■ **GIVEN MATERIAL**:
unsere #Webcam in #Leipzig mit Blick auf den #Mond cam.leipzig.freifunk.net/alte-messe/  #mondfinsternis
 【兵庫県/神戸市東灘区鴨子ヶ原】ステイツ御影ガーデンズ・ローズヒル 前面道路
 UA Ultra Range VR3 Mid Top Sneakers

■ **TASK DETAILS**: The complete listing, from first line to last, should be copied verbatim.

■ **ANSWER SPACE**:
unsere #Webcam in #Leipzig mit Blick auf den #Mond cam.leipzig.freifunk.net/alte-messe/  #mondfinsternis
 【兵庫県/神戸市東灘区鴨子ヶ原】ステイツ御影ガーデンズ・ローズヒル 前面道路
 UA Ultra Range VR3 Mid Top Sneakers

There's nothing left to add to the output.